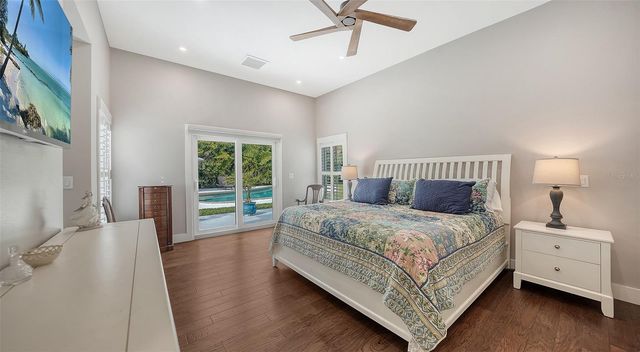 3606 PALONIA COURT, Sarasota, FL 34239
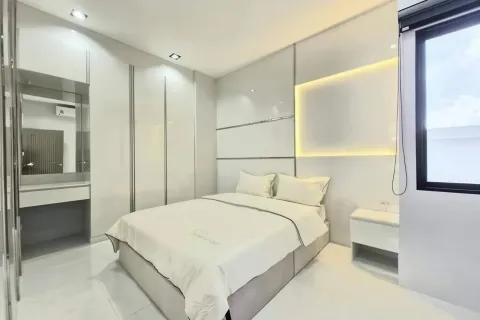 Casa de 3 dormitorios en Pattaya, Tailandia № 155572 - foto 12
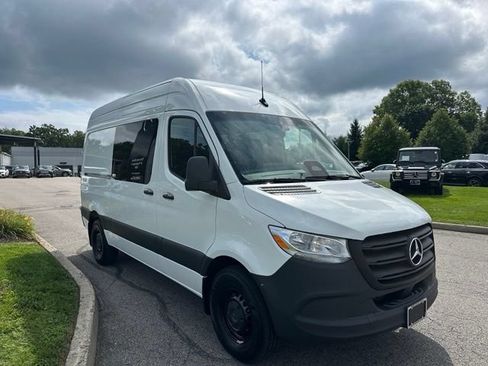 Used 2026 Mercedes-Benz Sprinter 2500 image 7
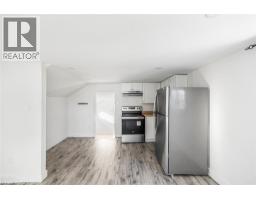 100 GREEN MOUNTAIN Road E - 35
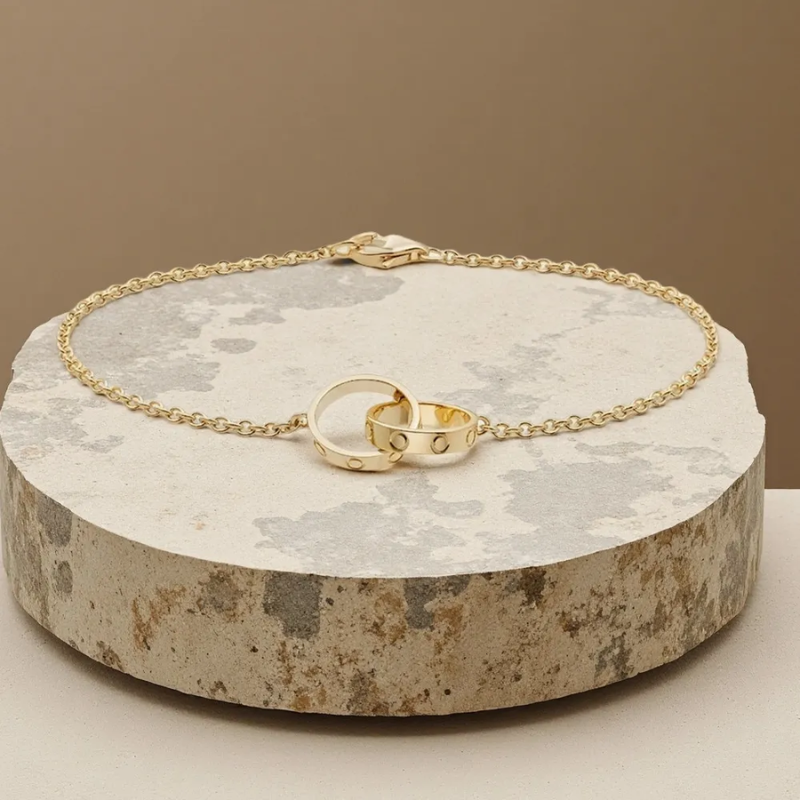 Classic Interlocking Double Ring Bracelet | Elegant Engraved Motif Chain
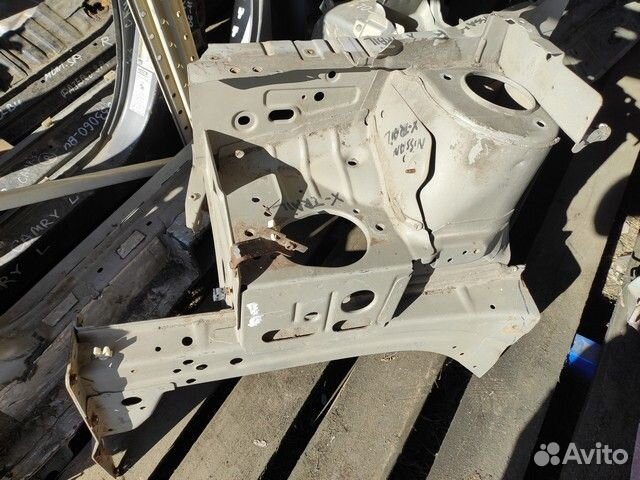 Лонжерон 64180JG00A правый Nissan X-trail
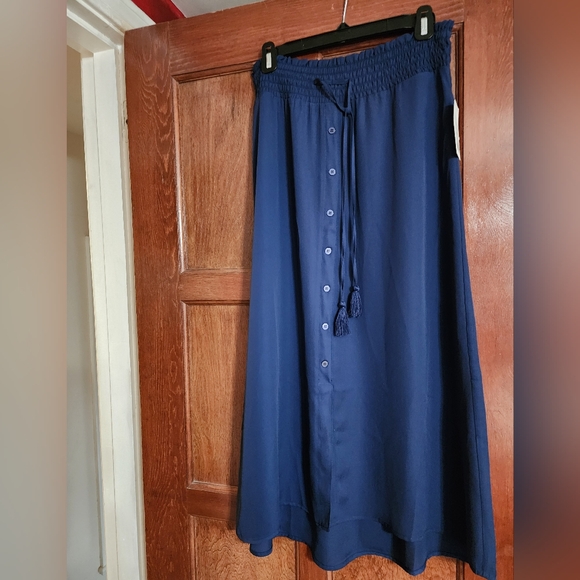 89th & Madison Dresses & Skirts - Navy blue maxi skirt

⁂

TASK GOAL |
Restate the material above word for word, omitting the pictures.

YOUR SOLUTION |
 3606 PALONIA COURT, Sarasota, FL 34239
 Casa de 3 dormitorios en Pattaya, Tailandia № 155572 - foto 12
 Used 2026 Mercedes-Benz Sprinter 2500 image 7
 100 GREEN MOUNTAIN Road E - 35
 Classic Interlocking Double Ring Bracelet | Elegant Engraved Motif Chain
 Лонжерон 64180JG00A правый Nissan X-trail
 89th & Madison Dresses & Skirts - Navy blue maxi skirt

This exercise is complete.